:: Exercise data

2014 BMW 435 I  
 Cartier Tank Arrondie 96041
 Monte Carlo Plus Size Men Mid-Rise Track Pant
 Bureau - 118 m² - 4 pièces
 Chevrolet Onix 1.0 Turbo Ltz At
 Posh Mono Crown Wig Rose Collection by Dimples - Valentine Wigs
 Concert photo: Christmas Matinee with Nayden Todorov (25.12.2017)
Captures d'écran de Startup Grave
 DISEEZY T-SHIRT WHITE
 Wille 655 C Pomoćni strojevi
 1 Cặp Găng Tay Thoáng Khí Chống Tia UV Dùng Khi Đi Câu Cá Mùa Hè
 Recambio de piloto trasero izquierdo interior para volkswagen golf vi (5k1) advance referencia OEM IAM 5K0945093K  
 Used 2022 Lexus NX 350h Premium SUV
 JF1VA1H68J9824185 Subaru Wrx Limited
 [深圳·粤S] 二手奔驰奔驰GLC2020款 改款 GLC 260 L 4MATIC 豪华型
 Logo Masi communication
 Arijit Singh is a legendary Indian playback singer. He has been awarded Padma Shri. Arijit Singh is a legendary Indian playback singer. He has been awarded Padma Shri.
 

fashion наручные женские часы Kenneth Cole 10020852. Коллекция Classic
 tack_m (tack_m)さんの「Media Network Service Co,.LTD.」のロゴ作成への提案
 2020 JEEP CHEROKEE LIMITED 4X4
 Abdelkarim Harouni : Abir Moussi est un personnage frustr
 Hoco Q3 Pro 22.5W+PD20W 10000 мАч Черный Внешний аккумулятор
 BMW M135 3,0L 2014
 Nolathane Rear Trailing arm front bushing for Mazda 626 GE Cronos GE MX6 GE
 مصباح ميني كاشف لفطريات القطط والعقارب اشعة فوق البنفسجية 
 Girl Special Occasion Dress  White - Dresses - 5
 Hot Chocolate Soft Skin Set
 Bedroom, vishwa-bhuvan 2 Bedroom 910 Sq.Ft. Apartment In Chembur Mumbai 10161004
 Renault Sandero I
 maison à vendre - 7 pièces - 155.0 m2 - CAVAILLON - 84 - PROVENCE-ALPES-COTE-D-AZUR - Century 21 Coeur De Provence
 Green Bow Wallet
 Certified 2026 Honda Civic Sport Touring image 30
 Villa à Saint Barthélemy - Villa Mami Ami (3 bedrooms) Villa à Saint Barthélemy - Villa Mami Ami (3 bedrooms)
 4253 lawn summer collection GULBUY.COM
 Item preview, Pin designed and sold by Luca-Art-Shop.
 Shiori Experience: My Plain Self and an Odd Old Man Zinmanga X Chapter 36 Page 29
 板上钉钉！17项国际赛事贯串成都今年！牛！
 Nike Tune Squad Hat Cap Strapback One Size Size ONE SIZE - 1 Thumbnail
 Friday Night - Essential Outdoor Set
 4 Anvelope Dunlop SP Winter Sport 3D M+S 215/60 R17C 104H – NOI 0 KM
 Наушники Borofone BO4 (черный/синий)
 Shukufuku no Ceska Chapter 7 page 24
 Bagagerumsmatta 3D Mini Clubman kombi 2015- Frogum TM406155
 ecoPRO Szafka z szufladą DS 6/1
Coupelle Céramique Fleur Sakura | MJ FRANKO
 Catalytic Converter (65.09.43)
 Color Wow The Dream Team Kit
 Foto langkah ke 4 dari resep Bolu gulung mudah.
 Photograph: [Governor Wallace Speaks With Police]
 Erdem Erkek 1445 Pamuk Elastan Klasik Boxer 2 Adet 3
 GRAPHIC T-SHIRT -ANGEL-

::::

=== What to produce ===
Give back exactly the lines above, from the line containing "Renault Sandero I" through the line containing "Certified 2026 Honda", with both end lines and nothing more.

=== Reply ===
 Renault Sandero I
 maison à vendre - 7 pièces - 155.0 m2 - CAVAILLON - 84 - PROVENCE-ALPES-COTE-D-AZUR - Century 21 Coeur De Provence
 Green Bow Wallet
 Certified 2026 Honda Civic Sport Touring image 30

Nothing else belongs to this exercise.